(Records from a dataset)
== == ==

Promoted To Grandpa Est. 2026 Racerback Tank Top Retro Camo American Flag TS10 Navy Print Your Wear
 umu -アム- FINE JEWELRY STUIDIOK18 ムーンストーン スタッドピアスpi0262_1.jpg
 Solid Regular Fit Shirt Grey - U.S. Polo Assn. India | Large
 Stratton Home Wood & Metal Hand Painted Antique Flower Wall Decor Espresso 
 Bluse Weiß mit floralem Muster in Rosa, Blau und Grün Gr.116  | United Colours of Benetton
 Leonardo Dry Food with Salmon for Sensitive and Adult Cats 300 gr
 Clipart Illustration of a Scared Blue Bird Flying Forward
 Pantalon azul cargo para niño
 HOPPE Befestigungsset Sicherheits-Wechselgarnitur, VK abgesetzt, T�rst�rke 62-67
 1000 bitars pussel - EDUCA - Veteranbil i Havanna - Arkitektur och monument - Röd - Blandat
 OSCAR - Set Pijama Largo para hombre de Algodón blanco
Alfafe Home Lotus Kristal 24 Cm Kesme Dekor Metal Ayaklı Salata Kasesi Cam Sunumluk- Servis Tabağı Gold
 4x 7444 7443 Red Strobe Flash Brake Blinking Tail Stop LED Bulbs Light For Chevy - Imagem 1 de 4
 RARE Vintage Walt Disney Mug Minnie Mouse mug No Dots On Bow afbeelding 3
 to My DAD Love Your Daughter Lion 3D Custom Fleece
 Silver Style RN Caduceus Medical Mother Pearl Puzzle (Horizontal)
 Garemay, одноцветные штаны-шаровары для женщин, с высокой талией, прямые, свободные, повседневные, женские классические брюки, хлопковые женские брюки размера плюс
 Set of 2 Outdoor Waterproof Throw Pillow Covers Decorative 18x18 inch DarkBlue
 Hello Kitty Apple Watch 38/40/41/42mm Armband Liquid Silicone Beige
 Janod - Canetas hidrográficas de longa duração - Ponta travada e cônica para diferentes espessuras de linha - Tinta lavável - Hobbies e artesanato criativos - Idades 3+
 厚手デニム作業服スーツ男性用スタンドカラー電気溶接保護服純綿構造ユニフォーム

== == ==

### [Action item]
Extract, please, the lines from the start of the entries above through the one with "Hello Kitty Apple", both included, reproducing each exactly and adding nothing.

### [Written response]
Promoted To Grandpa Est. 2026 Racerback Tank Top Retro Camo American Flag TS10 Navy Print Your Wear
 umu -アム- FINE JEWELRY STUIDIOK18 ムーンストーン スタッドピアスpi0262_1.jpg
 Solid Regular Fit Shirt Grey - U.S. Polo Assn. India | Large
 Stratton Home Wood & Metal Hand Painted Antique Flower Wall Decor Espresso 
 Bluse Weiß mit floralem Muster in Rosa, Blau und Grün Gr.116  | United Colours of Benetton
 Leonardo Dry Food with Salmon for Sensitive and Adult Cats 300 gr
 Clipart Illustration of a Scared Blue Bird Flying Forward
 Pantalon azul cargo para niño
 HOPPE Befestigungsset Sicherheits-Wechselgarnitur, VK abgesetzt, T�rst�rke 62-67
 1000 bitars pussel - EDUCA - Veteranbil i Havanna - Arkitektur och monument - Röd - Blandat
 OSCAR - Set Pijama Largo para hombre de Algodón blanco
Alfafe Home Lotus Kristal 24 Cm Kesme Dekor Metal Ayaklı Salata Kasesi Cam Sunumluk- Servis Tabağı Gold
 4x 7444 7443 Red Strobe Flash Brake Blinking Tail Stop LED Bulbs Light For Chevy - Imagem 1 de 4
 RARE Vintage Walt Disney Mug Minnie Mouse mug No Dots On Bow afbeelding 3
 to My DAD Love Your Daughter Lion 3D Custom Fleece
 Silver Style RN Caduceus Medical Mother Pearl Puzzle (Horizontal)
 Garemay, одноцветные штаны-шаровары для женщин, с высокой талией, прямые, свободные, повседневные, женские классические брюки, хлопковые женские брюки размера плюс
 Set of 2 Outdoor Waterproof Throw Pillow Covers Decorative 18x18 inch DarkBlue
 Hello Kitty Apple Watch 38/40/41/42mm Armband Liquid Silicone Beige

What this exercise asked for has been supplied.